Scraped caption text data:
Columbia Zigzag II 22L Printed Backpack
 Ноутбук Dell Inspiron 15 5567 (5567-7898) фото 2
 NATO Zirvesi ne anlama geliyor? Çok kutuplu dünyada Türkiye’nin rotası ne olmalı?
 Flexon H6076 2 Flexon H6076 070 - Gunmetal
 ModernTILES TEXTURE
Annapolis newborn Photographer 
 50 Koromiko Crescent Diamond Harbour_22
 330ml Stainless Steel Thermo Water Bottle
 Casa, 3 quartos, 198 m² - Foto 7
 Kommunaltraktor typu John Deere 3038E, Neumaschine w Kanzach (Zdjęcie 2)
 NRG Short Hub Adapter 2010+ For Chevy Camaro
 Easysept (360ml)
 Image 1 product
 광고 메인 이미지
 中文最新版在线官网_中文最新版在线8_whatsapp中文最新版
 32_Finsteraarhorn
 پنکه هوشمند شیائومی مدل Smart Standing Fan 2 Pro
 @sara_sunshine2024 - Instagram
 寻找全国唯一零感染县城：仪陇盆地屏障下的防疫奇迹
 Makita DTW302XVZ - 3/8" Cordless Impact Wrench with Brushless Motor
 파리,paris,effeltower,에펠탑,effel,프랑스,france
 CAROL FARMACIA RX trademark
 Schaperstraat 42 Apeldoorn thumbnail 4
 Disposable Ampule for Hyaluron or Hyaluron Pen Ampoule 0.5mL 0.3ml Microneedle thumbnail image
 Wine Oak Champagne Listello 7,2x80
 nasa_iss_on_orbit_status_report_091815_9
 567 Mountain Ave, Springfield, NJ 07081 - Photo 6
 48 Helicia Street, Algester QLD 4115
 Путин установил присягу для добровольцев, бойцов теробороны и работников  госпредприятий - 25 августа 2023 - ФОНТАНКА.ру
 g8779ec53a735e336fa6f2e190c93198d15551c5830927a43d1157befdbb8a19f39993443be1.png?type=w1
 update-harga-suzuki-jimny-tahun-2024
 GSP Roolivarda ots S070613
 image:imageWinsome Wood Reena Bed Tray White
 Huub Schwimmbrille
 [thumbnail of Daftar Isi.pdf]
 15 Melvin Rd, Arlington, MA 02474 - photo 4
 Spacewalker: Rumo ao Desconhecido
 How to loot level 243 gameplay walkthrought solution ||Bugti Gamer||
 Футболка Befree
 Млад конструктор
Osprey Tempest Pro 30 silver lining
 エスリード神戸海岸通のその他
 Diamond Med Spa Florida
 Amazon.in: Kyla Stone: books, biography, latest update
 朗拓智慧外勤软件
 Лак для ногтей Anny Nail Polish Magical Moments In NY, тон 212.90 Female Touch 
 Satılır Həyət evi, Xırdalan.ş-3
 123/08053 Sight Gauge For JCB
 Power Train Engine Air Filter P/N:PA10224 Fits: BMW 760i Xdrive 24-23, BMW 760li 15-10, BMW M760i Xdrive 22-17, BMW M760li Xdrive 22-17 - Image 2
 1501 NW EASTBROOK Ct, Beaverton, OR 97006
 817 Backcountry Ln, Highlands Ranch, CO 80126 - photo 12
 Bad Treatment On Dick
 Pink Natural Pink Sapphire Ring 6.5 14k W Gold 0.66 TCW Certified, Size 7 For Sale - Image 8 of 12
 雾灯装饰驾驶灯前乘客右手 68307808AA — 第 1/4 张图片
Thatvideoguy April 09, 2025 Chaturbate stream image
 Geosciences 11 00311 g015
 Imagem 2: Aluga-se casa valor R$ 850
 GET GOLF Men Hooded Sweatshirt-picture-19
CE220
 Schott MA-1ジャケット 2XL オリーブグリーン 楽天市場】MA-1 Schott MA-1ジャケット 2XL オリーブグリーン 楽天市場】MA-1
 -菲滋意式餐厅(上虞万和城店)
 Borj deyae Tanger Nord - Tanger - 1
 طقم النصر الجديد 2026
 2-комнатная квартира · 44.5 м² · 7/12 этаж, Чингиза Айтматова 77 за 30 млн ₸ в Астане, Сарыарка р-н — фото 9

YOUR OBJECTIVE → Output exactly the span of lines beginning at the first line of the records and ending at the line that holds "Annapolis newborn Photographer", inclusive, with no other text.

ANSWER SECTION →
Columbia Zigzag II 22L Printed Backpack
 Ноутбук Dell Inspiron 15 5567 (5567-7898) фото 2
 NATO Zirvesi ne anlama geliyor? Çok kutuplu dünyada Türkiye’nin rotası ne olmalı?
 Flexon H6076 2 Flexon H6076 070 - Gunmetal
 ModernTILES TEXTURE
Annapolis newborn Photographer 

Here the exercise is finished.